• _What the exercise asks_: For each line of the listing that holds "illustration", show the full line.

• _Material supplied_:
== Segment start ==
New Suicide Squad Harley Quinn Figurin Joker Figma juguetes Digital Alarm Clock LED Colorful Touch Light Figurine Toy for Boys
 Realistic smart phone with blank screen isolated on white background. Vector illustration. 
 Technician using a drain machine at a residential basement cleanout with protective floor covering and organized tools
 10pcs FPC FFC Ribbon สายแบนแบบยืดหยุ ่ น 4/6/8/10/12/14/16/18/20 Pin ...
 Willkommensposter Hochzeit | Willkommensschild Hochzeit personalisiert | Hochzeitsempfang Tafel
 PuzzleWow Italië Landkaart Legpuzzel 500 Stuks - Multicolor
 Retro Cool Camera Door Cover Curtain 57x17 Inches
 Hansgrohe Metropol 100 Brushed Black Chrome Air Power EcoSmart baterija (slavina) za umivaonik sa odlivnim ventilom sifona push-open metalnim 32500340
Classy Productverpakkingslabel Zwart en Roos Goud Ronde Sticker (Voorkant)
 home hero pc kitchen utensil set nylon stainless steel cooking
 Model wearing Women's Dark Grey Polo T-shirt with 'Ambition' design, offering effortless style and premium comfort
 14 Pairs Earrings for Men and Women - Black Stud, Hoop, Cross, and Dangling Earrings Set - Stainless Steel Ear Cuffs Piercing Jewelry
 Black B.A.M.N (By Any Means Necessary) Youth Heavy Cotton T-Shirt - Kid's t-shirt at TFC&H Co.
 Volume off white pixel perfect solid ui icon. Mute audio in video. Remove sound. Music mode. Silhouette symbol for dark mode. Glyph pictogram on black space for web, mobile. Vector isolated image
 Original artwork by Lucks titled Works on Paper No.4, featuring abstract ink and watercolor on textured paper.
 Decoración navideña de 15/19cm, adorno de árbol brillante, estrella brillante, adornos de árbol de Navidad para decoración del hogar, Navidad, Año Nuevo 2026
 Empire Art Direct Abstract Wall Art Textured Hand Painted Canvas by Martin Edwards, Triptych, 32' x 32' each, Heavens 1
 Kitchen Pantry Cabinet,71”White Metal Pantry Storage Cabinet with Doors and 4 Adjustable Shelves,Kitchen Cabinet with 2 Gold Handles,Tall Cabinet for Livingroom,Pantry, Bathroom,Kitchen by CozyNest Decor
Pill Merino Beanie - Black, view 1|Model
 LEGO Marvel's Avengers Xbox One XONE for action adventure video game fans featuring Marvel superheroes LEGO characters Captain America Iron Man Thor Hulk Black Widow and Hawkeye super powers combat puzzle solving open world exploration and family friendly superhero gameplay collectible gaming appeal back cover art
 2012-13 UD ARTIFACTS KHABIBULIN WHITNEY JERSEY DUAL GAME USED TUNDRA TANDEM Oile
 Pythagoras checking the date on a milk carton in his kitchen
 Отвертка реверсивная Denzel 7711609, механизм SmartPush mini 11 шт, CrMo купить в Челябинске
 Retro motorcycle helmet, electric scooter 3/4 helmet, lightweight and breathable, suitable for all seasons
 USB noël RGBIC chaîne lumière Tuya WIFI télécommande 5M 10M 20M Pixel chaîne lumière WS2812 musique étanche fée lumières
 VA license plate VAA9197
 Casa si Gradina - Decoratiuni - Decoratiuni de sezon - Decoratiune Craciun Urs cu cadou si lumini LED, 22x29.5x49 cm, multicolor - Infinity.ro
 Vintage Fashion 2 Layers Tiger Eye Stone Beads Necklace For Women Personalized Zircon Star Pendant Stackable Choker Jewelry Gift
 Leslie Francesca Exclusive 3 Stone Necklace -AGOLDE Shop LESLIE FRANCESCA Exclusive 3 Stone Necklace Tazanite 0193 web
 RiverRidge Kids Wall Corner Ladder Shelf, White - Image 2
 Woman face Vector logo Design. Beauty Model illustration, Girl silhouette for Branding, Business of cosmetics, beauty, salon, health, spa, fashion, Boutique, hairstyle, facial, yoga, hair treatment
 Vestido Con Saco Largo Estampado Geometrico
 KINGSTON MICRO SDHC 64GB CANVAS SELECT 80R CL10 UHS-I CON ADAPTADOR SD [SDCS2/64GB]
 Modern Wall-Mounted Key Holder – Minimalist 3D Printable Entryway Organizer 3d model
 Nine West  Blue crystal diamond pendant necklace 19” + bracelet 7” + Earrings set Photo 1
== Segment end ==
• _Task result_:
 Realistic smart phone with blank screen isolated on white background. Vector illustration. 
 Woman face Vector logo Design. Beauty Model illustration, Girl silhouette for Branding, Business of cosmetics, beauty, salon, health, spa, fashion, Boutique, hairstyle, facial, yoga, hair treatment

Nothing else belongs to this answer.